Legal practitioners and accounting professionals, and also to a lesser extent real estate industry participants, are also each subject to more regulation and self-regulation than the other two industries. The existing requirements for legal practitioners, accounting professionals and real estate participants are complex and because they have been regulated for extensive periods of time, more information was available for examination.

Timeframe

The research conducted for this study involved extensive review of publicly available evidence both from within Australia and internationally. In order to ensure that the information accurately reflected what was known by those working in each sector, preliminary drafts of the report were circulated for comment and feedback from all relevant stakeholders. This iterative process of review and revision took some considerable time and delayed finalisation of the final draft report, but it was important to ensure that the views of relevant stakeholders and Australian Government agencies were considered and integrated in the final report. Finally, efforts were made to ensure that the final publication incorporated relevant research and policy developments that occurred between the commencement of the study in 2009 and its final publication in 2012. The information contained in this report reflects resources available at 1 December 2012, unless otherwise stated.

Plan of report

An overview of the size and where available, the income sources of DNFBPs in Australia, is provided in the next section entitled Designated non-financial businesses and professions in Australia. The report presents a regulatory overview of each of the types of service providers in Australia in the section entitled ‘professional regulation in Australia at present’. The overview contains:

  • the requirements businesses must meet to provide a specific service;
  • the registration and licensing systems;
  • the auditing mechanisms; and
  • the oversight and disciplinary mechanisms.
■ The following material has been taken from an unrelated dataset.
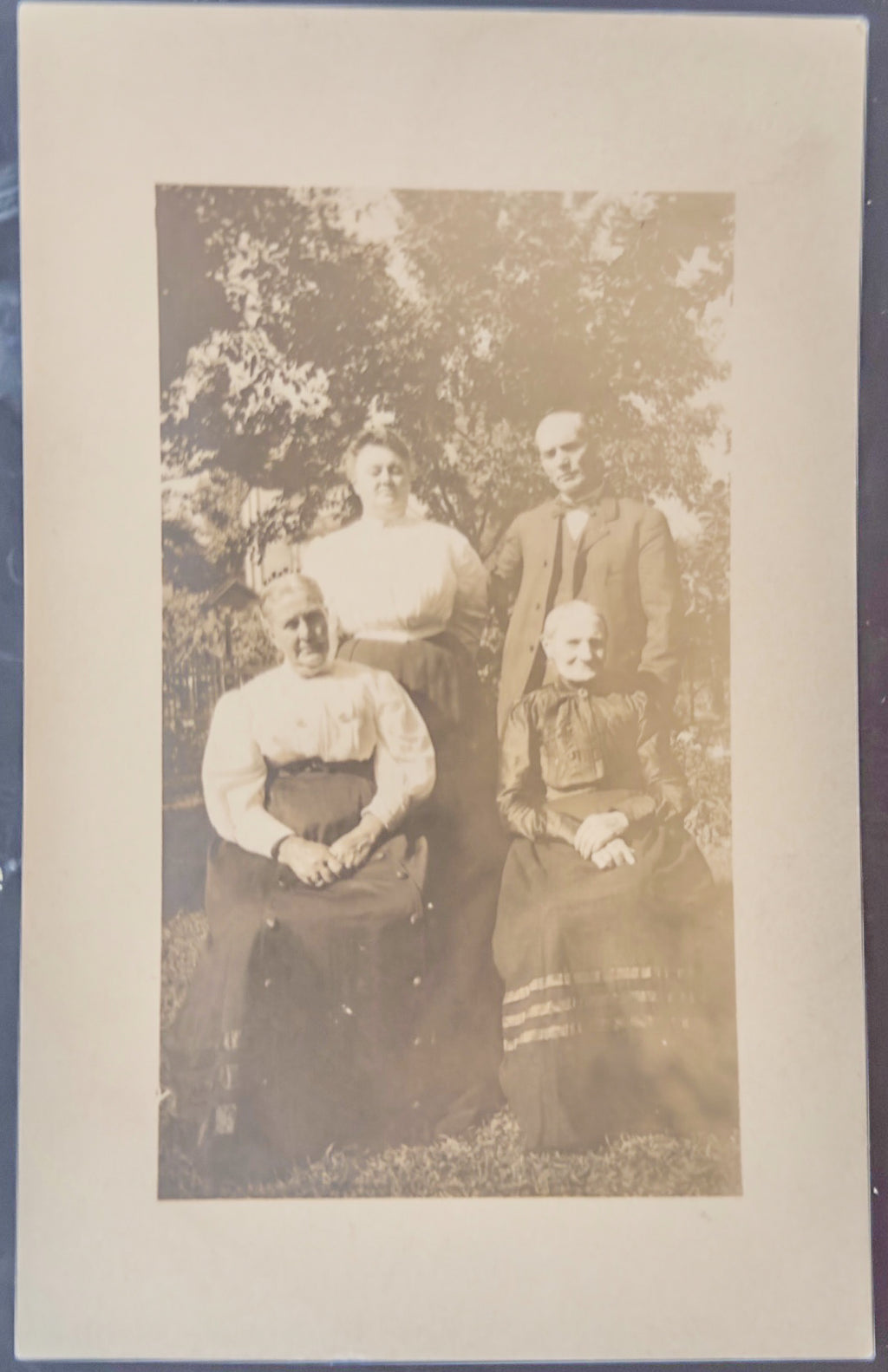Vintage sepia-toned photograph of a family outdoors with trees in the background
The self-regulatory mechanisms used in each sector are outlined in conjunction with the legislative requirements.

The key AML/CTF legislation and regulation applicable to the DNFBPs in the United States, United Kingdom, Belgium, France, Germany, Hong Kong, Singapore, Republic of China, Taiwan (Taiwan) and Canada are outlined in the section entitled The characteristics and regulation of non-financial businesses and professions overseas. The relevant case law shaping the application of AML/CTF measures in these countries is also documented. Any available information on the characteristics of the DNFBPs is also provided for these countries in this section.

The section entitled, Assessments of risk in the non-financial business and professional sectors in Australia presents the opinions and limited direct evidence of ML/TF by DNFBPs in Australia. These are framed within the more general risks of crimes in the professions that have been presented in the preceding section entitled Crime risks in the non-financial business and professional sectors in Australia. Dishonesty in the professions, as well as the specific predicate offences of tax fraud, mortgage fraud and financing fraud, are also examined in these sections.

These two sections also present the evidence available of ML/TF in the DNFBP sectors in Australia. The evidence discussed includes cases of ML/TF that involve participants in these industries and charges that are still pending. The matters of interest in any disciplinary proceedings initiated by external bodies and from industry associations are presented. The cases and proceedings are supplemented by the opinions of key representatives from each profession on the risk areas for money laundering.

The key vulnerabilities and threats to each DNFBP are summarised in the final concluding section as are suggestions for future research.